(Problem details)
The expected output is an exact copy of the lines from the one containing "The image shows" through the final line of the entries below, with no images.

(Captioned web images)
□ □ □ □ □
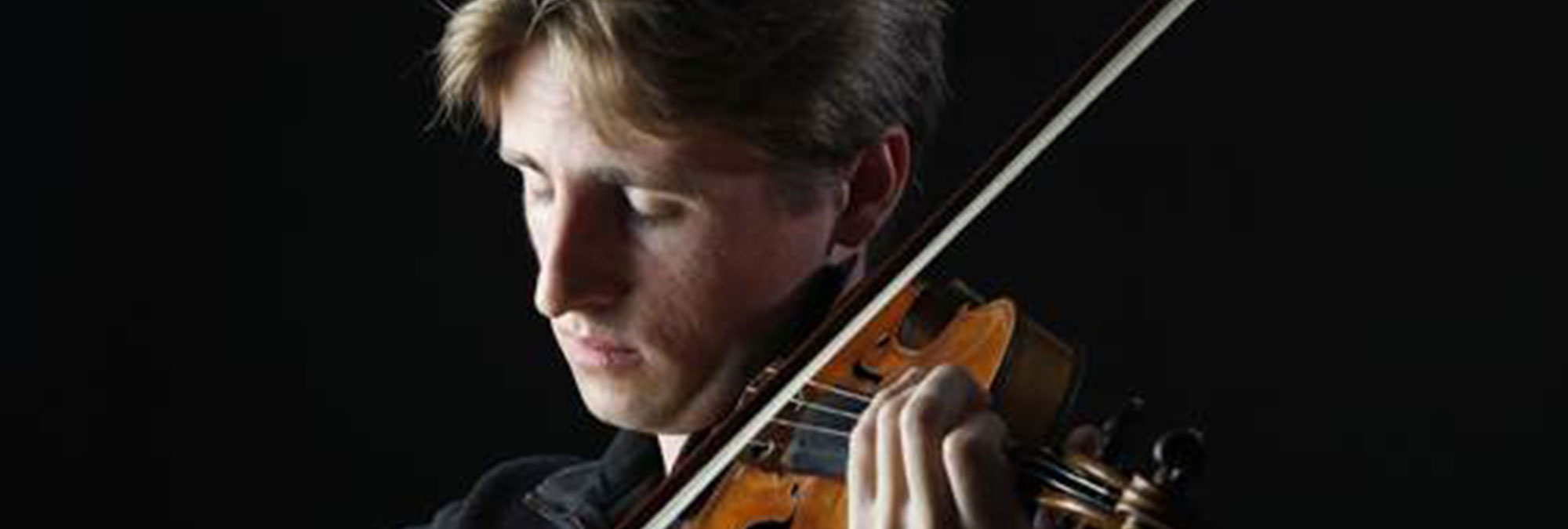 David McCaroll playing his violin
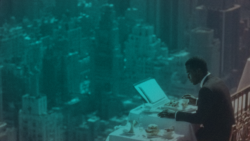 Professional sitting at a high-rise office table overlooking a city skyline, reflecting Zynta's institutional approach to cross-border stablecoin payments and global financial infrastructure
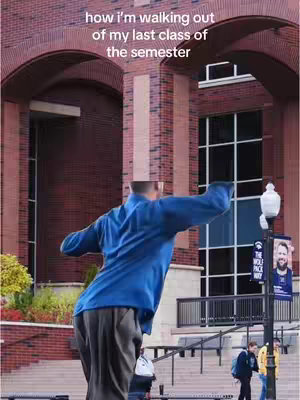 The image shows a man from the back with his arms raised, as though he's celebrating, walking out of a building with arched doorways. The building is made of brick, and the sky is overcast. The foreground includes stairs with various people walking by.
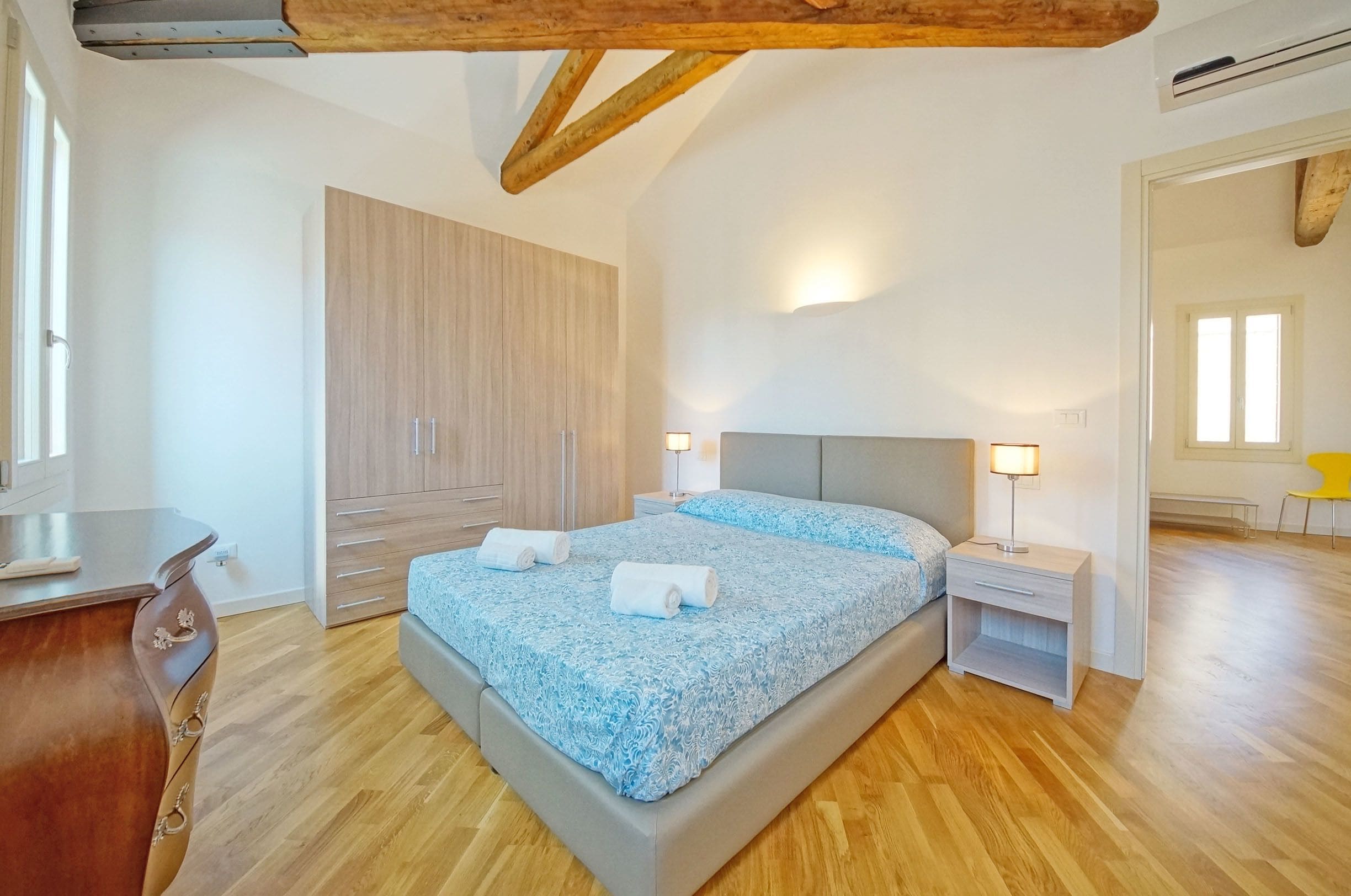 Un dormitorio con cama, mesitas de noche, un armario y un espejo.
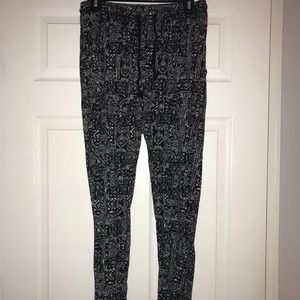 Ankle length, black and white patterned pants.
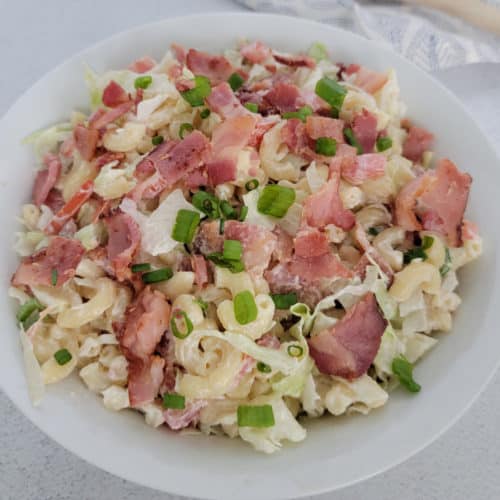 BLT pasta salad garnished with green onion in a white bowl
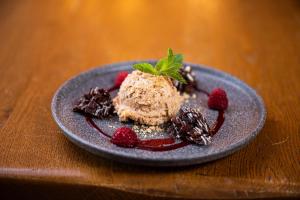 - un dessert sur une assiette avec des fraises et du chocolat dans l'établissement Mittelburg Wellnesshotel, à Oy-Mittelberg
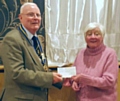 Councillor Wardle presents a £2,000 cheque to Wing Commander David Forbes (retired)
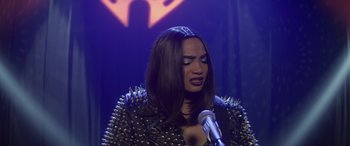 Movie still from “Holiday Harmony” (2022), directed by Shaun Paul Piccinino – A woman in a leather jacket is holding a microphone; Close Up shot, Over the shoulder angle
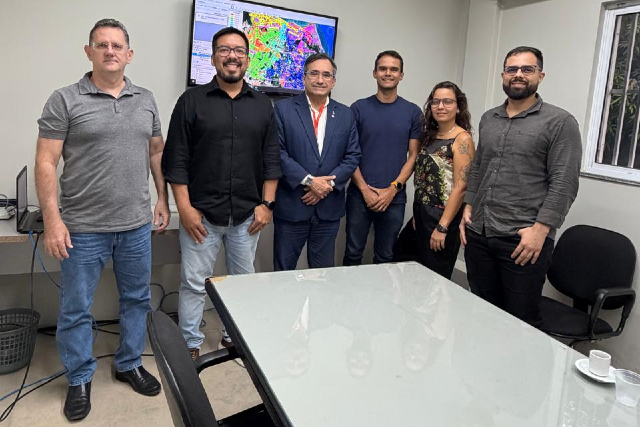 Imagem: Seis pessoas estão em pé lado a lado dentro de uma sala de escritório e atrás de uma mesa de vidro. Ao centro, um homem de terno azul e gravata sorri, cercado por colegas vestidos de forma casual, com camisas e camisetas em tons neutros. Todos estão voltados para a câmera e aparentam um clima profissional e amistoso. Ao fundo, há um monitor exibindo um mapa colorido com diferentes áreas destacadas.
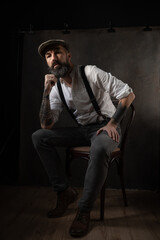 Portrait of mature bearded man in vintage style. Hipster concept. High quality photo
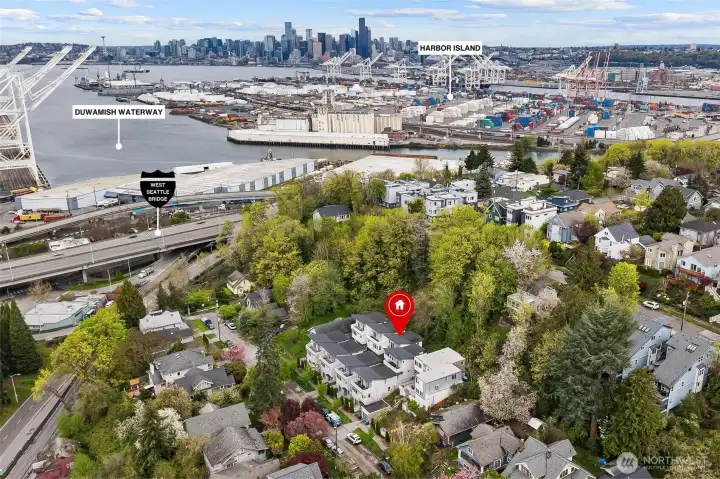 Elevated aerial perspective highlighting location between Pigeon Point hillside and the Duwamish Waterway with downtown Seattle skyline in the distance.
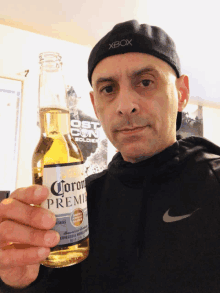 a man wearing an xbox hat holds up a bottle of corona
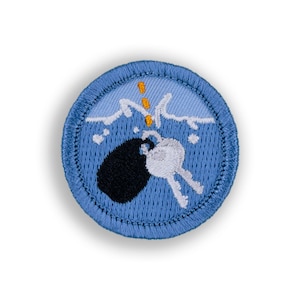 May include: A blue embroidered patch with a white and black bomb sinking into the water with orange bubbles coming up.
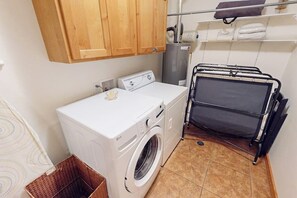 Ein kleiner Waschbereich mit Waschmaschine, Wäscheständer und einem Schrank zur Aufbewahrung.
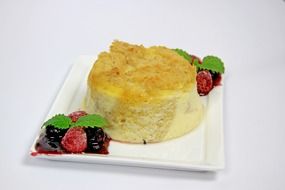 cake on a plate with fruit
□ □ □ □ □
(Completed exercise)
 The image shows a man from the back with his arms raised, as though he's celebrating, walking out of a building with arched doorways. The building is made of brick, and the sky is overcast. The foreground includes stairs with various people walking by.
 Un dormitorio con cama, mesitas de noche, un armario y un espejo.
 Ankle length, black and white patterned pants.
 BLT pasta salad garnished with green onion in a white bowl
 - un dessert sur une assiette avec des fraises et du chocolat dans l'établissement Mittelburg Wellnesshotel, à Oy-Mittelberg
 Councillor Wardle presents a £2,000 cheque to Wing Commander David Forbes (retired)
 Movie still from “Holiday Harmony” (2022), directed by Shaun Paul Piccinino – A woman in a leather jacket is holding a microphone; Close Up shot, Over the shoulder angle
 Imagem: Seis pessoas estão em pé lado a lado dentro de uma sala de escritório e atrás de uma mesa de vidro. Ao centro, um homem de terno azul e gravata sorri, cercado por colegas vestidos de forma casual, com camisas e camisetas em tons neutros. Todos estão voltados para a câmera e aparentam um clima profissional e amistoso. Ao fundo, há um monitor exibindo um mapa colorido com diferentes áreas destacadas.
 Portrait of mature bearded man in vintage style. Hipster concept. High quality photo
 Elevated aerial perspective highlighting location between Pigeon Point hillside and the Duwamish Waterway with downtown Seattle skyline in the distance.
 a man wearing an xbox hat holds up a bottle of corona
 May include: A blue embroidered patch with a white and black bomb sinking into the water with orange bubbles coming up.
 Ein kleiner Waschbereich mit Waschmaschine, Wäscheständer und einem Schrank zur Aufbewahrung.
 cake on a plate with fruit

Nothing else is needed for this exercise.